Court of Appeal:
Health Club’s Forced Closure During Pandemic Didn’t Excuse Paying Rent
By a MetNews Staff Writer
The inability of a company that operates sports and fitness clubs to be open for business while government closure orders were in effect in light of the COVID-19 pandemic does not excuse a failure to pay rent during those periods Div. One of the Fourth District Court of Appeal held yesterday.
Justice Martin N. Buchanan authored the opinion affirming a judgment by San Diego Superior Court Judge Kenneth J. Medel awarding $520,361.29 in unpaid rent to SVAP III Poway Crossings, LLC. Rejecting defendant Fitness International, LLC’s contrary contentions, Medel ruled:
“[T]he contractual performance owed here by the tenant is payment of rent. The Landlord’s obligation was to provide possession of the premises. The tenant’s particular use of the premises was not the obligation under the contract. Covid did not prevent performance of the obligation to pay rent.”
In response to each of Fitness’s arguments as to why it owed no rent during periods it was compelled to be closed, Buchanan echoed Medel’s point: that it was precluded from operating its clubs, not from paying rent.

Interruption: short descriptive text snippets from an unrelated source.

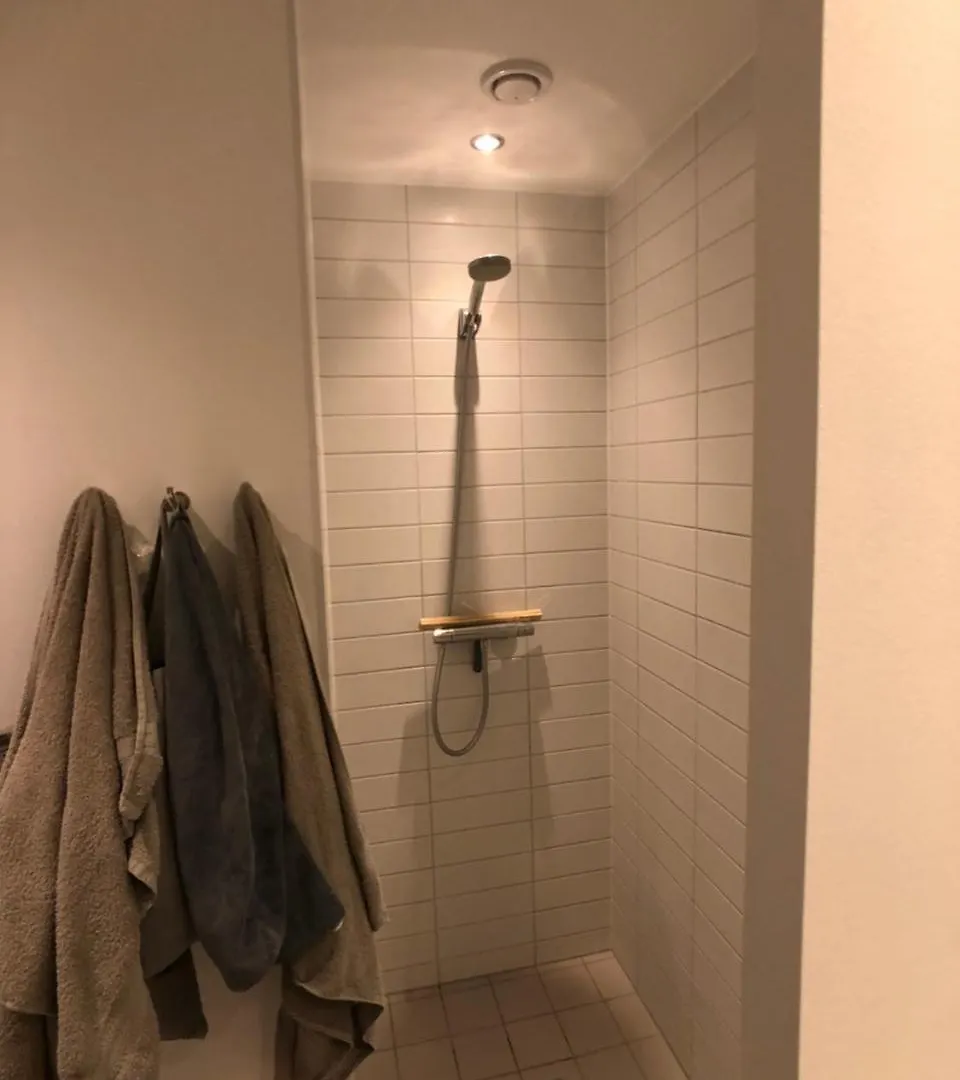 Marmorvej Hotel Copenhagen Denmark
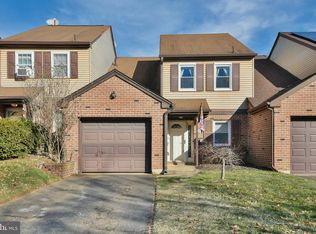 166 Kenton Dr, Langhorne, PA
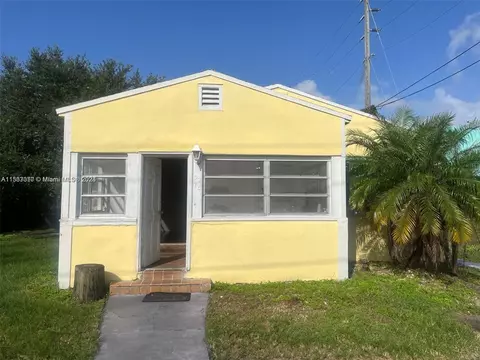 5378 NW 29th Ave, Miami, FL 33142
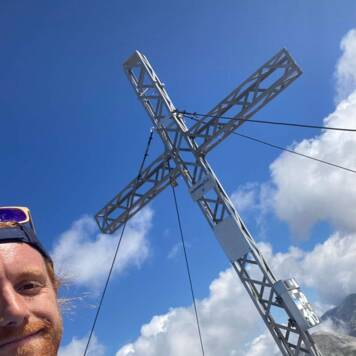 Julian aus Linz-Land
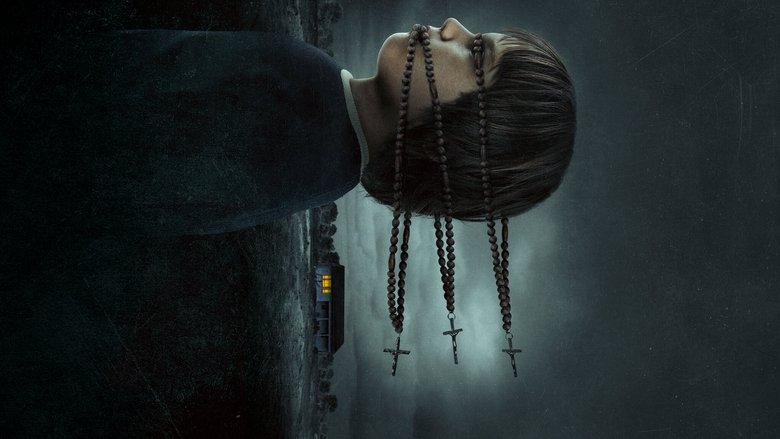 кадр из фильма Суд над дьяволом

Addressing its defense based on “impossibility,” Buchanan wrote:
“Fitness contends that the defense of impossibility applies here because the government closure orders made it illegal for it to operate its fitness facility. But…Fitness’s obligation under the lease was to pay rent, not to operate a fitness facility. The government closure orders did not make it illegal for Fitness to pay rent. In fact, one of the orders explicitly stated that it did not relieve a tenant of the obligation to pay rent.”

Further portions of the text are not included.